Those with a college degree were significantly more likely to engage in any transport PA than those who completed high school or had some college education (OR = 1.214; 95% CI: 1.099, 1.342; p < 0.001). In contrast, educational attainment was negatively related to non-zero weekly minutes of transport PA. Specifically, those with a college degree reported 11% (95% CI: 5, 16%) fewer minutes than those with less education (Table 2). Overall, educational attainment was positively related to the odds of engaging in ≥10 and ≥ 150 min/week of leisure-time PA (Table 2). However, among participants who engaged in leisure-time PA, those with high school education tended to accumulate more non-zero weekly minutes of leisure-time PA than those with a college or higher degree (eb = 1.067; e95% CI: 1.019, 1.117; p = 0.005).

Sex showed a significant association with all PA outcomes with the exception of ≥10 min/week of transport PA (Table 2). For both domains, females were less likely to engage in PA and reported fewer non-zero minutes of activity compared to males.

Moderating effects of city on associations of age, educational attainment, and sex with physical activity outcomes

City moderated associations of age with four out of six PA outcomes (Table 3). Specifically, age was significantly negatively related to the odds of engaging in ≥10 min/week of transport PA in nine cities and positively related in three cities, while no significant associations were found in the remaining five cities (Table 3). Age was positively related to non-zero weekly minutes of transport PA (in those who reported at least 10 min of this type of PA) in Ghent (BE), Olomouc (CZ), Aarhus (DK) and Pamplona (ES), and age was non-significantly related in other cities. Age was significantly negatively related to the odds of engaging in ≥150 min/week of transport PA only in Wellington (NZ) and positively related in Hong Kong and Pamplona (ES). Negative associations of age with the odds of engaging in ≥10 min/week of leisure-time PA were found in eight cities, while only Pamplona (ES) showed a weak positive association (Table 3).

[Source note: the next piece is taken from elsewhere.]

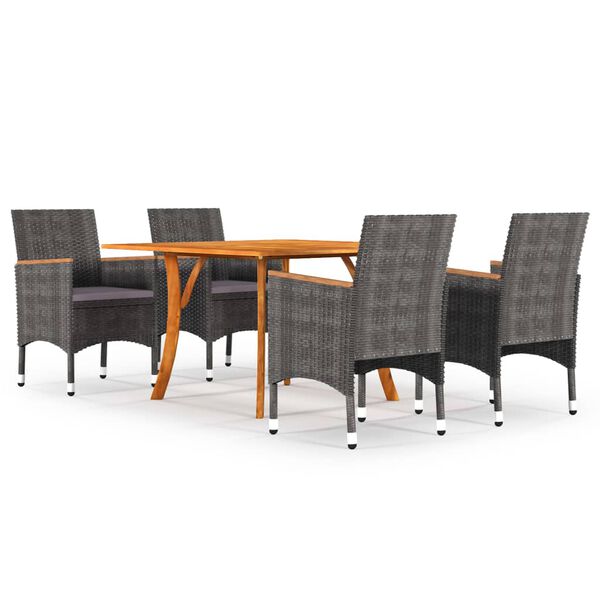 vidaXL 5-częściowy zestaw mebli ogrodowych, szary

Table 3 City-specific associations of age with physical activity (PA) outcomes

City moderated associations of educational attainment and non-zero minutes of leisure-time PA only (Table 4). Negative associations were found in Aarhus (DK), Hong Kong, and Pamplona (ES), while positive associations were observed in Bogota (CO), Cuernavaca (MX), and Waitakere (NZ) (Table 4).

Table 4 City-specific associations of educational attainment with non-zero weekly minutes of leisure-time physical activity

City moderated associations of sex with three PA outcomes; engagement in ≥10 min/week of leisure-time PA and non-zero weekly minutes of transport and leisure-time PA (Table 5). Females were more likely than males to engage in ≥10 min/week of leisure-time PA in Ghent (BE) and Aarhus (DK), and females were less likely to do so in Adelaide (AU) and Bogota (CO). On average, compared to males, females accumulated fewer non-zero weekly minutes of leisure-time PA in four out of 17 cities and fewer non-zero weekly minutes of transport PA in five cities (Table 5).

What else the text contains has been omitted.